Developer Henry Johnson, chief strategy officer for Freese Johnson in Atlanta, Georgia, said hospitals are still building, because not to do so would mean the loss of a competitive edge. The ambulatory facilities may be less profitable now, but there’s the risk that the gap for off-site care will be filled by another facility, or physician practice.

“There’s a greater impact not filling these gaps in the marketplace,” Johnson said. “Right now it’s a battle for marketshare, rather than site-neutral payments.

Johnson has been in the business for over 20 years, working with healthcare systems and large physician practices.

“We’re building micro hospitals, ambulatory surgery centers, outpatient surgery centers,” Johnson said. “Everyone is trying to build a network.”

Value-based care has also given incentives to have patients visit outpatient clinics, rather than the more expensive emergency room.

“They want to keep less expensive procedures in a less expensive environment,” Johnson said.

Providers are being cost-conscious on square-foot costs as well, he said.

“Most of our clients are saying, ‘This is expensive real estate.
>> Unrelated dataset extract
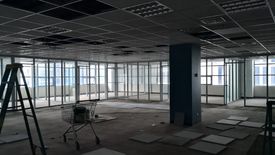 Office for rent in Bayanan, Metro Manila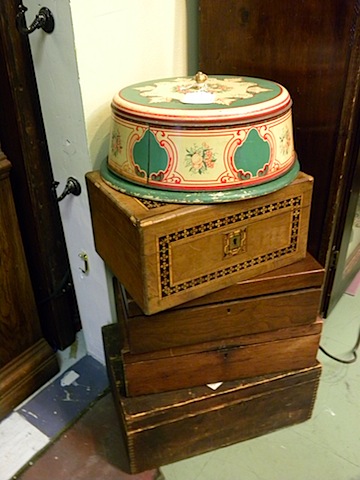 DSCN3475.JPG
Let’s build a building that costs half as much, that’s what we want to do.'”

The two trends he’s seeing are micro hospitals, and smaller, acute care facilities, which he likens to “a hospital without beds.”
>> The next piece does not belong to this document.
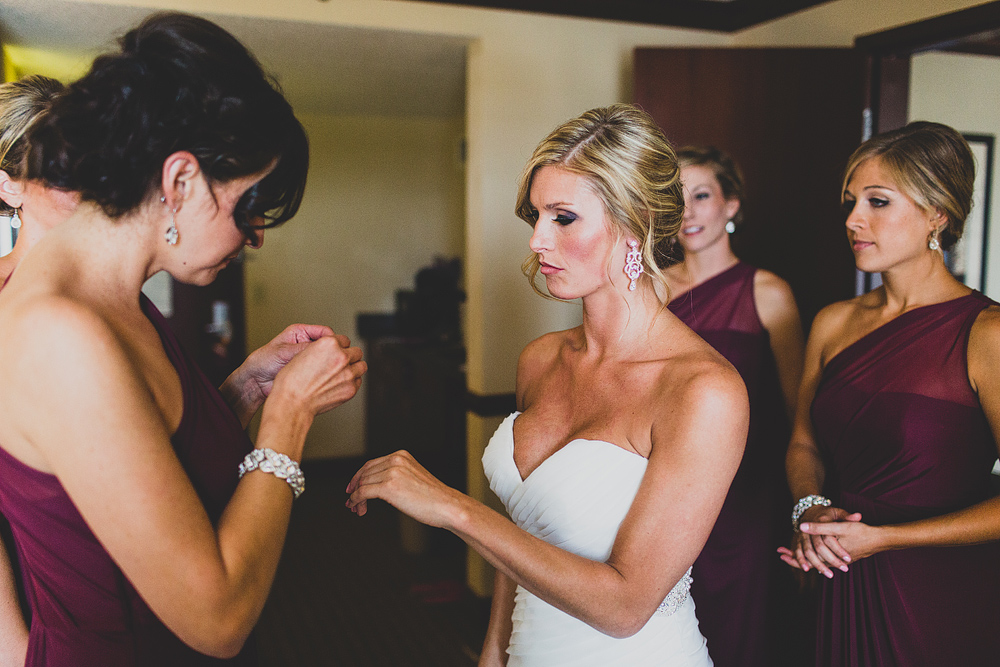 Pittsburgh-Wedding-Photographer-Jess-Jono028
These freestanding ER facilities are still reimbursed at outpatient rates.

Patients would also rather go to a local, smaller facility, than drive to a hospital, try to find parking and walk the long hallways.

“They’re not going to go places if it’s inconvenient,” Johnson said.

Off-campus buildings, he said, invite people in.

“I’m personally seeing in healthcare, patients aren’t just patients now, they’re consumers,” Johnson said. “The biggest trend we’re seeing, is the consumerization of healthcare.”